O brasileiro de bigode grosso que pode mudar o rumo do futebol mexicano

Pouco se conhece o nome de Ricardo Ferretti no Brasil. Do técnico carioca, ex-jogador revelado no Botafogo e com passagens por Vasco e Bonsucesso, pouco se lembra no futebol brasileiro. Quem vê o homem de expressão fechada e grosso bigode à beira do campo é capaz de apostar que Tuca Ferretti é um mexicano de nascença. Pois Ricardo Ferretti de Oliveira, brasileiro do Rio de Janeiro, está prestes a mudar de vez o rumo do futebol mexicano.

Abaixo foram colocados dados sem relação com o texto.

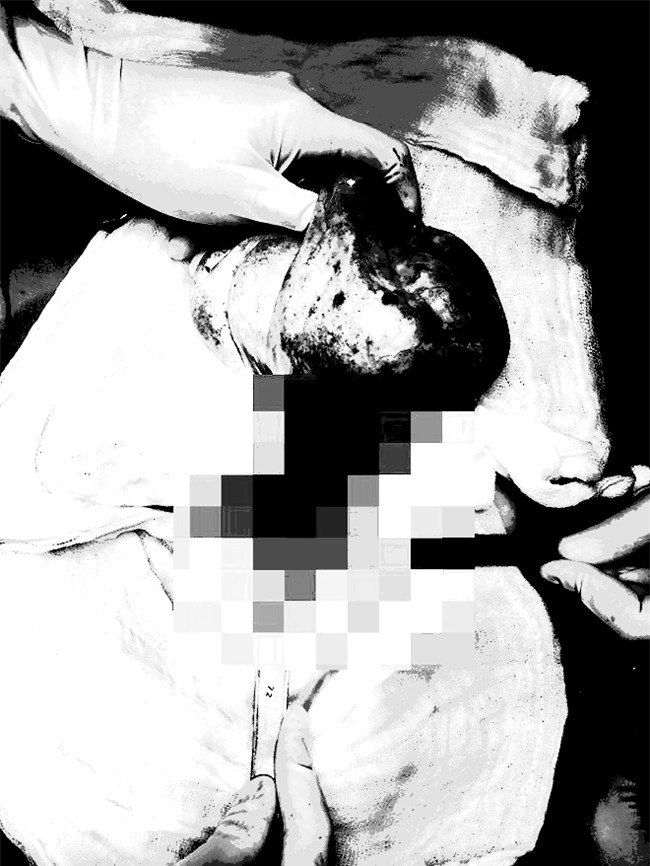 TP.HCM: Bé gái 13 tuổi bất ngờ bị cắt bỏ một bên buồng trứng sau cơn đau quặn bụng - Ảnh 1.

Em terras astecas desde 1977, Ferretti atuou em grandes do país nos quase 15 anos de carreira como jogador no México. Conquistou dois campeonatos mexicanos e duas Copas dos Campeões da Concacaf (atual Concachampions). Todos os títulos vencidos pelo Pumas, clube onde é o segundo maior artilheiro da história, com 182 gols. Além de uma Copa México pelo Toluca.

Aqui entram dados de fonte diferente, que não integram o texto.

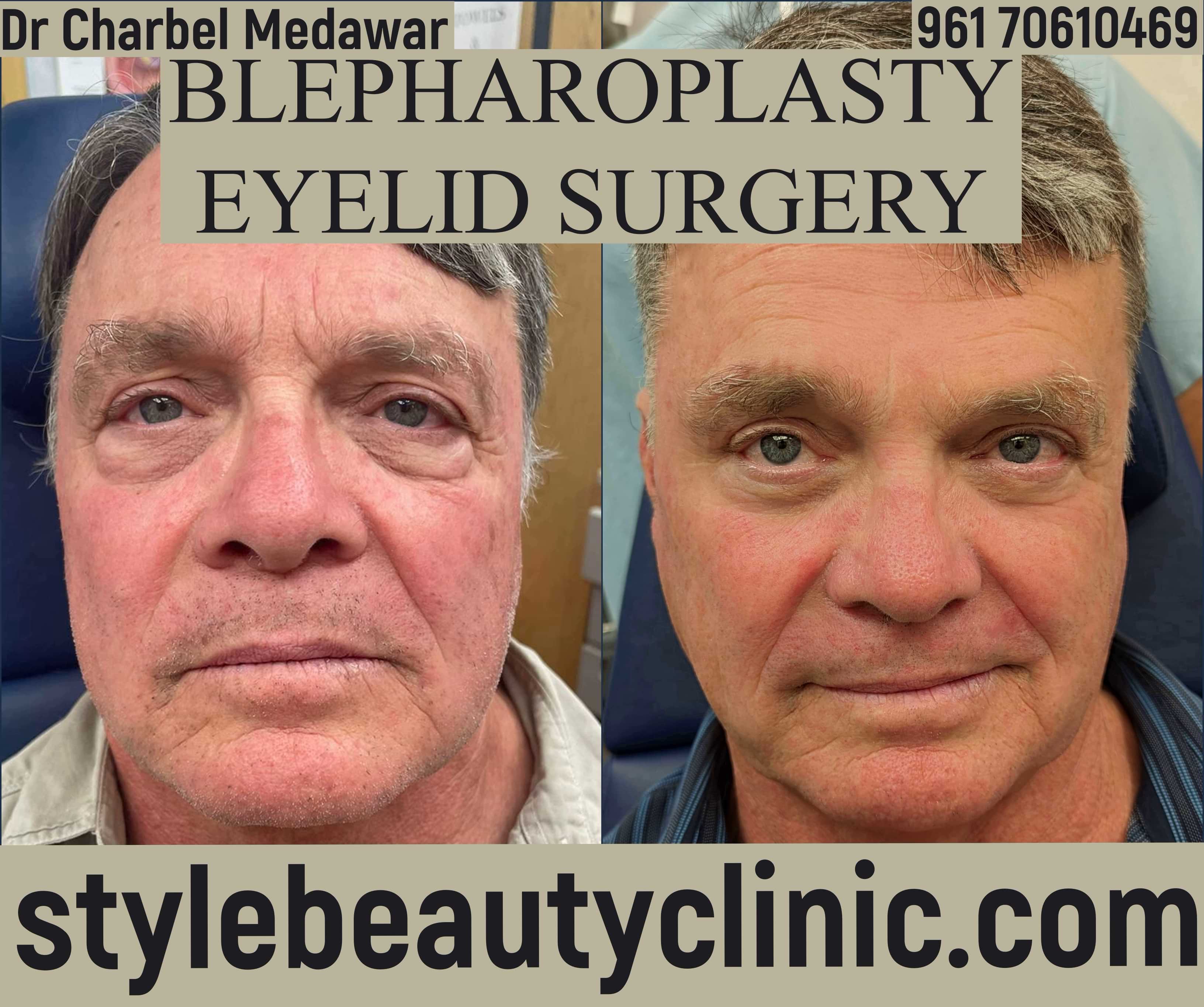 eyelid plastic surgery lebanon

Seu nome já havia ficado marcado dentro de campo, mas foi à beira dele que Tuca Ferretti conquistou os mexicanos. No próprio Pumas, começou sua carreira como técnico e, contrariando a “lógica” do futebol local, fez um longo trabalho à frente da equipe. E esta é a grande marca do treinador. Apesar das constantes mudanças nos comandos das equipes e até nas diretorias dos clubes, Ferretti nada contra a corrente e ignora a “lógica” realizando trabalhos longos. Foi assim à frente de Pumas, duas vezes, Chivas, e agora no Tigres.
Como treinador, conquistou mais títulos. Levou três campeonatos nacionais, uma copa e uma Concachampions. Escreveu mais um capítulo em sua história com conquistas, colocou mais uma vez seu nome na trajetória do futebol mexicano. Mas além de taças, ganhou respeito e admiração por seu trabalho no México.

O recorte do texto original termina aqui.